Signal Boost
My friend Melissa Anelli has been stalked online for five and a half years.
I realize as I type that that it doesn’t sound as frightening and horrible as it is. The idea of stalking is so often turned into a joke (“OMG, he was totes stalking me all night”) that it’s not always clear how sickening and terrifying the real thing is. And of course, it’s much easier to grasp the scariness factor of live, in-person stalking. Cyber-stalking shares a weird place in the moral universe with cyber-bullying in that it has the stigma of not being quite real. The attitude of some people seems to be that if you’re being stalked or harassed online, you should just get offline, or go to a different web site – or that you should toughen up and shrug it off. After all, it’s just the Internet. It’s not like it happened in real life. Sticks and stones, man.
As kids continue to commit suicide after being bullied online, however, more and more people are beginning to comprehend what those of us who are active in online communities already knew: that the Internet, while not a face-to-face environment, is still a real place, where people deal out real wounds that have very real consequences. More and more, the Internet is real life, because – often regardless of how we feel about it – we are expected to conduct our daily business here. We’re blogging, tweeting, e-mailing, Googling, networking – I’ve never had a single job, in my adult life, where I did not have to use the Internet on a regular basis for something. The point is that we don’t always choose to be here – this is just how things are done now, and we’re all here together.

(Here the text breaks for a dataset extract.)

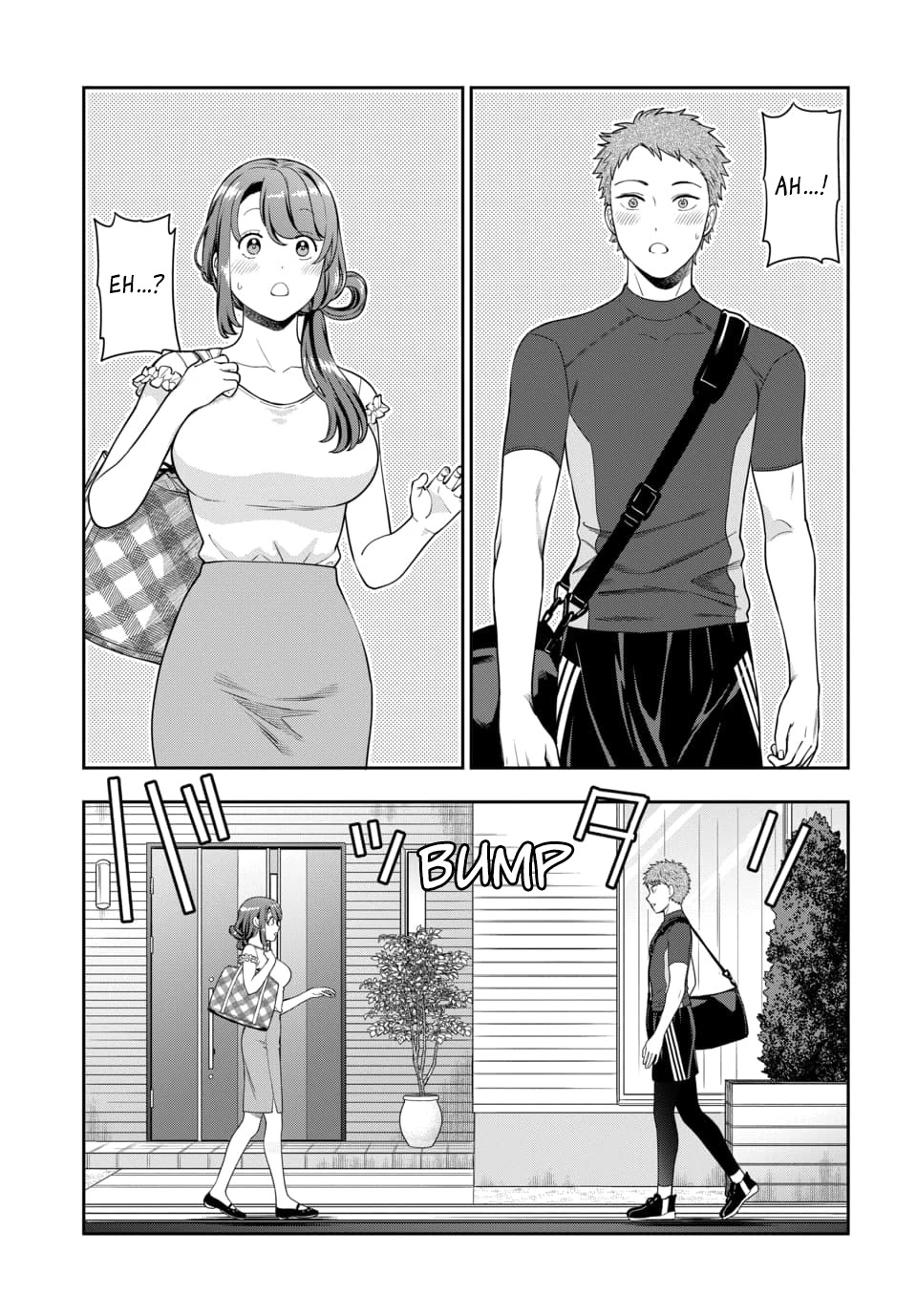 Musume Janakute, Watashi (Mama) Ga Suki Nano!? - Chapter 22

That means that all the creeps are here too. They’re here, and they’re faceless, and they can ooze into any laptop they want, at any time. As many times as they feel like it. And there’s a creep in New Zealand that’s been doing sick things to my good friend – on a daily basis – for five and a half years – and though serious legal measures have been taken, nothing has stopped this creep so far.
Please read Melissa’s post here, and reblog if you’re on Tumblr.
Please also read these two posts, which include much more information and context than mine: Maureen Johnson’s tumblr post; Cheryl Klein’s blog post.
Be careful out there. And when somebody tells you that someone hurt them on the Internet, for the love of God, take them seriously.